12 years a slave

réalisé par Steve McQueen

avec Chiwetel Ejiofor, Michael Fassbender, Lupita Nyong’o, Benedict Cumberbatch, Sarah Paulson, Garret Dillahunt, Scoot Nairy, Paul Giamatti, Paul Dano, Brad Pitt, Alfre Woodard, Quvenzhané Wallis…

Drame historique américain. 2h13. 2013.

sortie française : 22 janvier 2014

12 Years a Slave

Les États-Unis, quelques années avant la guerre de Sécession.
Solomon Northup, jeune homme noir originaire de l’État de New York, est enlevé et vendu comme esclave.
Face à la cruauté d’un propriétaire de plantation de coton, Solomon se bat pour rester en vie et garder sa dignité.
Douze ans plus tard, il va croiser un abolitionniste canadien et cette rencontre va changer sa vie…

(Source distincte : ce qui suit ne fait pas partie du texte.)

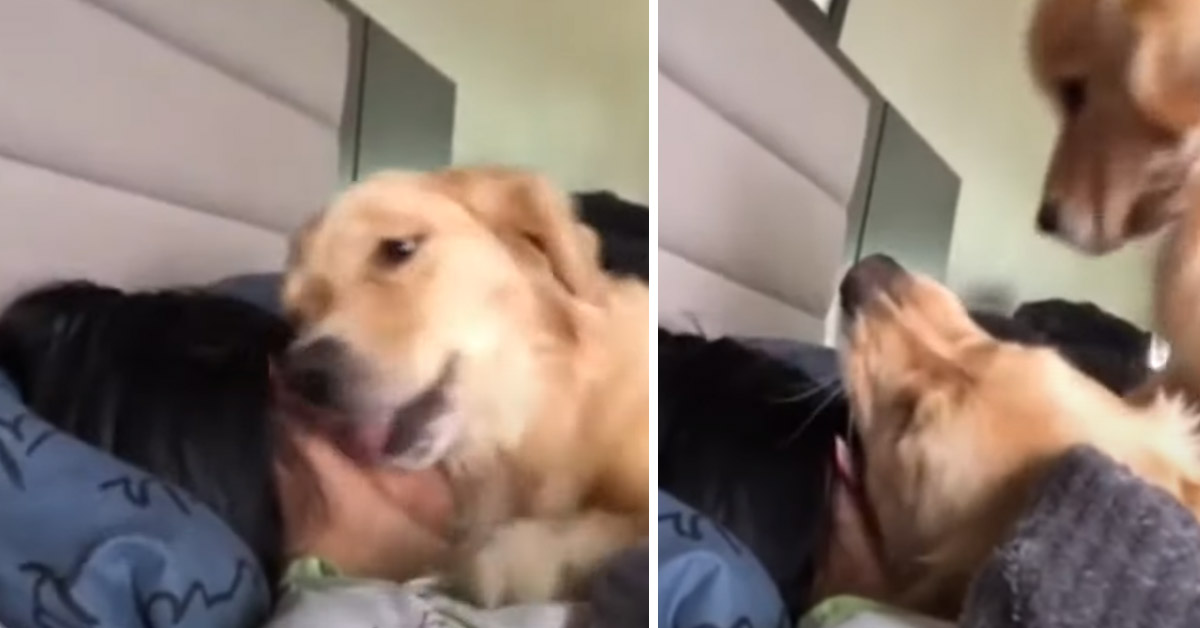 Kiwi, il Golden Retriever che si diverte a svegliare la proprietaria in un modo particolare (video)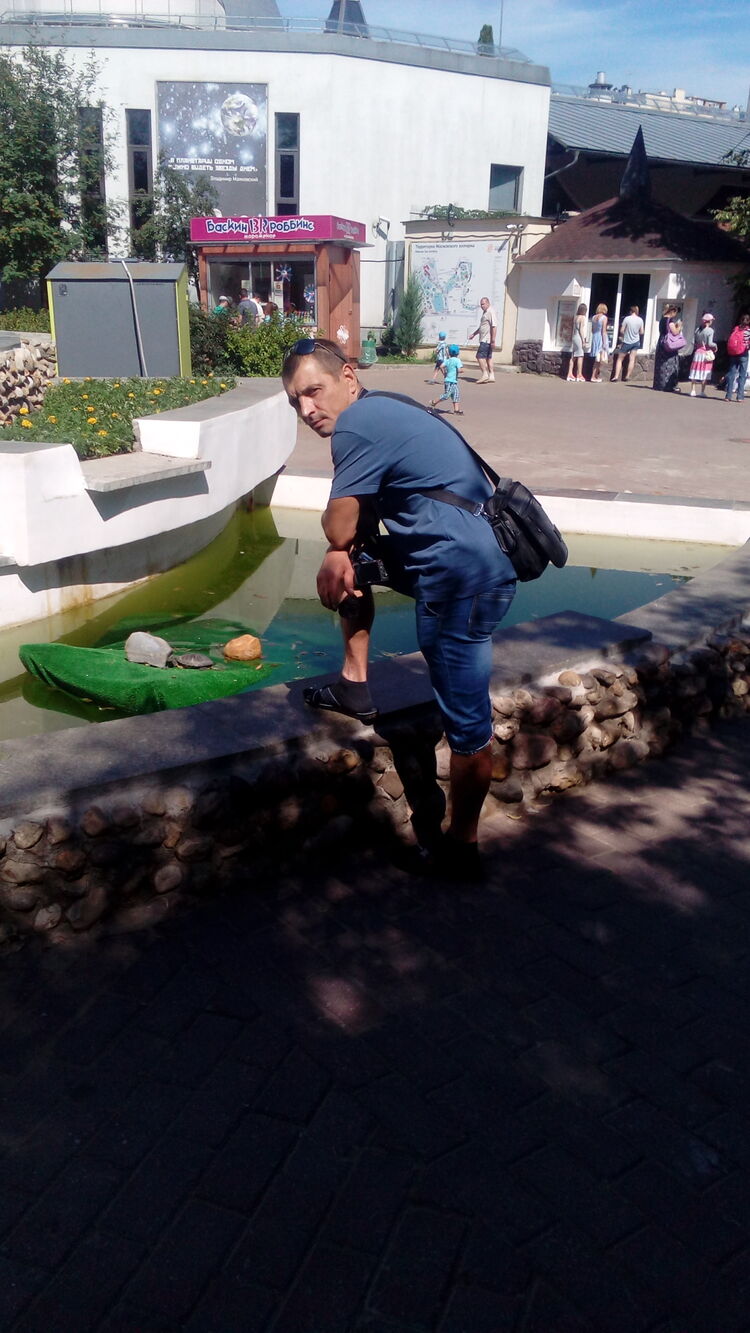 ���� 25050932 ������� ����, 50 ���, ���� ���������� � �������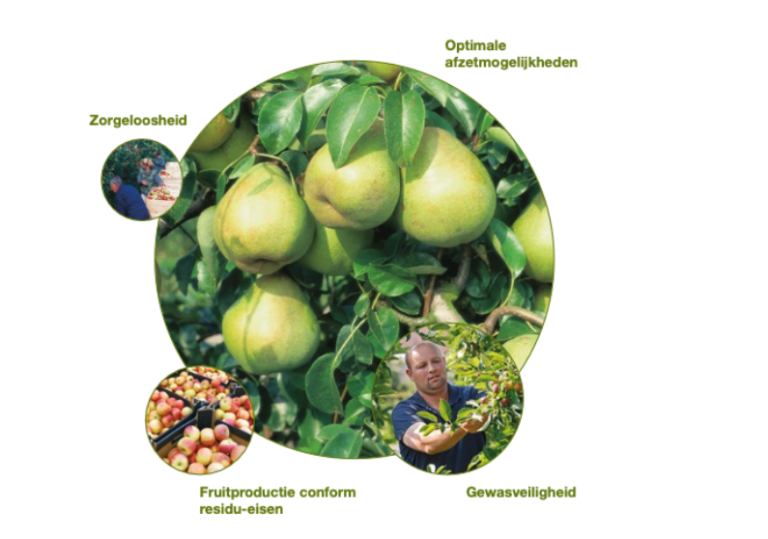 Fruit Expert Centrum Stewardship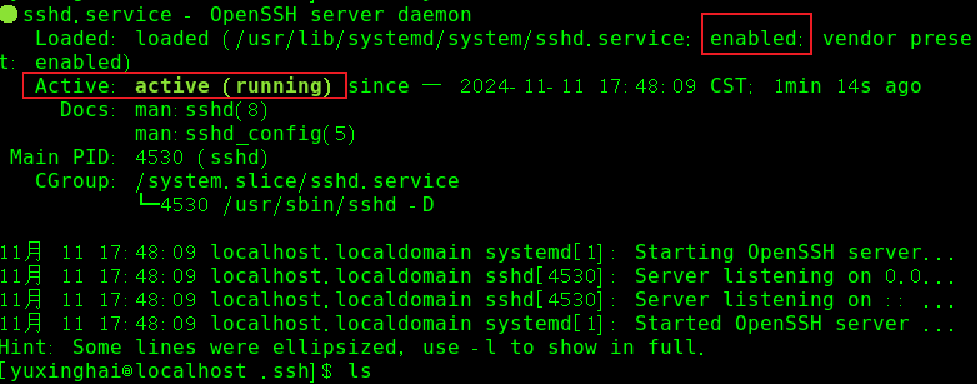 SSH服务器状态正常且开机自启动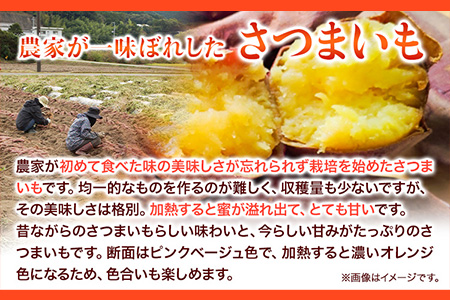 和歌山県のサツマイモ 在来種 小さめサイズ 5kg《12月中旬‐4月下旬頃より順次出荷》和歌山県 日高川町 みはらファーム さつま芋 薩摩芋---wshg_mssi_b124_22_11000_5kg---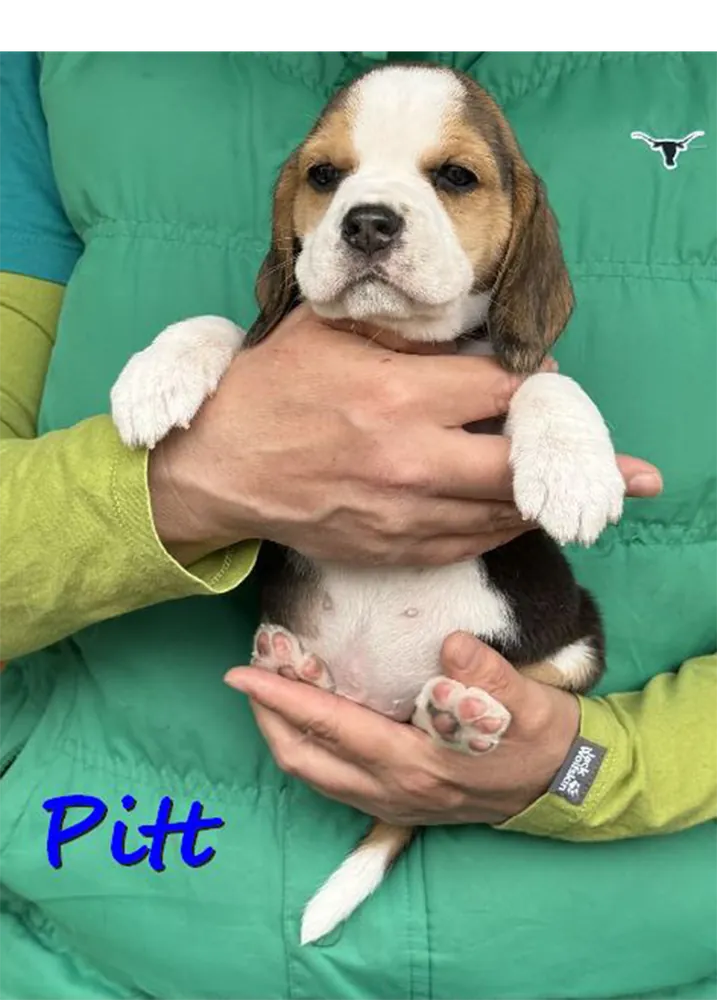 Pitt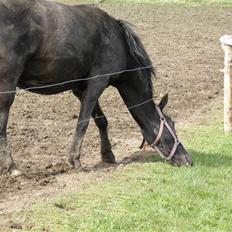 Dansk Varmblod Stella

12 Years a Slave : Photo Chiwetel Ejiofor, Michael Fassbender

Après Hunger et Shame, deux films assez chocs, Steve McQueen (pour les personnes qui sortent de leur grotte : on parle du réalisateur black, pas de l’acteur mort depuis des lustres) signe son troisième long-métrage, 12 years a slave, tiré des mémoires Solomon Northup, un homme de couleur noire libre mais qui deviendra un esclave (vous avez compris, durant douze années) suite à son kidnapping. Le film a accumulé les récompenses dont trois Oscars (meilleur film, meilleur second rôle féminin, meilleure adaptation), un Golden Globe (meilleur film dramatique), deux BAFTA (meilleur film et meilleur acteur) ou encore cinq Independent Spirit Awards. Tous ces prix me semblent mérités car McQueen signe un excellent film, difficile à voir, comme ses autres longs, mais qui arrivent à séduire le public qui le suit depuis quelques années maintenant, appréciant plutôt un cinéma d’auteur pas toujours accessible, et un autre public, préférant un cinéma plus « hollywoodien ». Même si le film pourra plaire à un plus large public, heureusement pour la qualité du film, 12 years a slave ne tombe pas dans les pièges du film « hollywoodien ». Certes, il est le plus accessible de McQueen mais ce dernier n’oublie pas de mettre sa patte habituelle. Il ne nous épargne rien, les scènes sont réellement dures à voir.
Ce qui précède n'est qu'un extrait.